Publishers without a coalition seat in May 2026 are in markets without a collective-rights tradition to repurpose for the AI moment. A mid-sized US regional publisher cannot join SPUR. There is no US equivalent — the News/Media Alliance offers opt-in deal frameworks but is not a standards body. A mid-sized publisher in most Asian markets, in most of Eastern Europe, in much of Latin America has nothing comparable to dpa or the Danish CMO to fall back on. The privilege divide is not between large and small publishers. It is between markets that built collective publisher infrastructure decades ago and markets that did not.
This has a useful flip side. If you are a German regional publisher, you sit inside the coalition that is building dpa-iq, the trusted info layer. You have a stake in what gets built. The question is what you want the your coalition to build for you — and whether the dpa-iq architecture matches the future you think is arriving.
If you are not in a market with a national collective-rights body, the next section is for you.
What this leaves you with
Whatever coalition you can or cannot reach, there is one move every publisher can make directly. Build your own house.
The Economist is doing this with its two-track web — restructuring content outside the paywall for AI answer engines. Belgian-Dutch publisher Mediahuis runs a multi-agent pipeline for first-line news, where AI agents handle writing, fact-checking, legal review, and image selection before a human editor publishes. It is acting at both the coalition layer (it is a SPUR founding member) and the individual-build layer. DMG Media, parent of the Daily Mail, built Mail iQ, a multi-agent system that produces more than 300 social media assets a day. The Philadelphia Inquirer's engineering team built an internal agent that, when a Jira ticket is flagged “readyforai,” fetches the spec, pulls documentation from Confluence, grabs designs from Figma, creates a git branch, and writes the code using Claude Code.
Building your own house comes down to three things: a structured archive of your content, a way for AI agents to query it directly, and a way to charge them when they do. That is what Altman, the Economist, dpa, and the entire coalition layer assume already exists somewhere.
Here is why this matters: Building your own house is the only move that pays off regardless of which coalition wins. If the transactional future arrives, an MCP server in front of your content lake lets you transact. If the blanket-licensing future arrives, a clean content lake with structured licensing metadata makes you ready for a deal. If dpa's infrastructure-access future arrives, you have the structured content to plug into the layer.

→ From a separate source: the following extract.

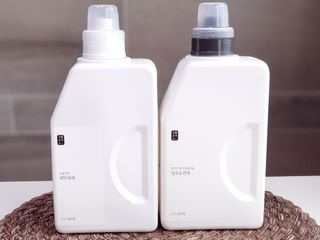 [생활공작소] 섬유유연제 + 세탁세제 1.5L 릴리향 — 4점을 준 리뷰어가 2021년 2월 올린 사용 사진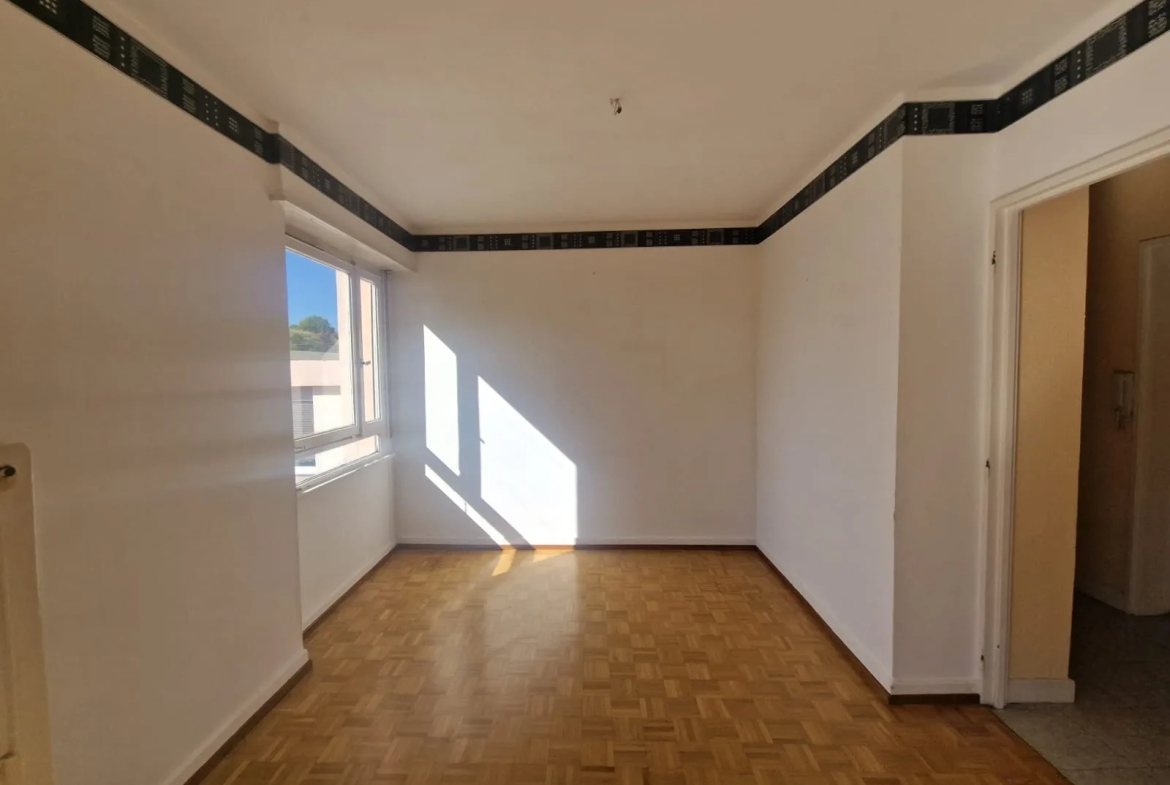 Appartement F4 à vendre à Altkirch, 79,47 m2, travaux à prévoir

The three questions a publisher faces in 2026 — how to get paid, which coalition to join, what to build internally — have a right order. Build first. Then choose a coalition that matches what you have built. Then sign deals that match both.
A publisher running the sequence the other way is signing deals before knowing what has been built, joining coalitions before knowing which architecture wins, and hoping it works out. It might. But hope is not a strategy you can execute.